(…) Apportez à la maison du trésor toutes les dîmes,
afin qu’il y ait de la nourriture dans ma maison. [Mal.
III, X, La Sainte Bible, Louis Segond.]
Introduction
Peu importe l’approche à laquelle on adhère, on est presqu’unanime à accepter que les
ressources, matérielles ou humaines, sont consubstantielles à l’organisation collective. Et pour
faire usage d’une notion moderne, la gouvernance est de les combiner pour en faire une dimension
rentable2. Depuis la sédentarisation, l’histoire de l’homme est aussi celle de la règle faisant de lui
l’homo juridicus3 en traçant des repères relatifs à un environnement dépendant d’une organisation
imprégnant un arrimage de modèles et de valeurs. Ce qui, par la suite, nous permet de comprendre
cette pensée d’Alain Supiot pour qui, l’homme ne nait pas rationnel, il le devient en accédant à un sens partagé avec les autres. Chaque société humaine est ainsi l’instituteur de la raison4
. Une situation/étape créant également le développement de la pensée qui, à un certain moment de la
durée, a fini par placer l’homme au centre de tout. Ainsi, la grégarité gagne du terrain. Et, suivant
une démarche contractualiste, qui est la nôtre, sont établis, suivant consentement, des principes
fondamentaux à l’adhésion d’un ordre social faisant naitre, du coup, pour répéter Cicéron5, une
institution destinée à servir le bien commun, la publica res. Alors, pour pouvoir matérialiser et
rendre pérenne l’objectif, cette organisation pose des actes axant sa démarche sur un point fort de
la sédentarisation qu’est la production. Du fiscus à une forme répondant beaucoup plus aux
exigences des réalités sociodémographiques de l’heure, les ressources collectives ont toujours fait
l’objet de gestion liant un ensemble de règles et de dispositions dans l’idée de rendre la tache
efficace. D’où poindre la gestion des finances publiques qui, on peut le dire, semble demeurer une
préoccupation constante pour les administrations s’orientant dans une logique de politique
beaucoup plus moderne.
Chez nous, l’idée est apparue depuis l’état embryonnaire même de la construction de l’État.
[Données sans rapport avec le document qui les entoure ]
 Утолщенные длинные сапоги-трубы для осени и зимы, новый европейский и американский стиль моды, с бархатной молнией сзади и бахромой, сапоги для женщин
Cela ne veut pas dire pour autant qu’on en est loin aujourd’hui. Bref, si dans les premières
tentatives d’implantation de l’État la volonté était de faire de la gestion des finances publiques une
activité efficiente, il en demeure aussi vrai que l’histoire de celle-ci est soldée de pas mal
d’embuches. Sans vouloir rentrer dans les polémiques tous azimuts ni d’aborder la question au
sens du déjà là, il est clair que depuis la formation de l’État, les administrations qui se sont succédé,
malgré les balises légales et institutionnelles, n’ont pas pu faire une bonne gestion des ressources
collectives. Et à chaque fois la question de la responsabilité apparait.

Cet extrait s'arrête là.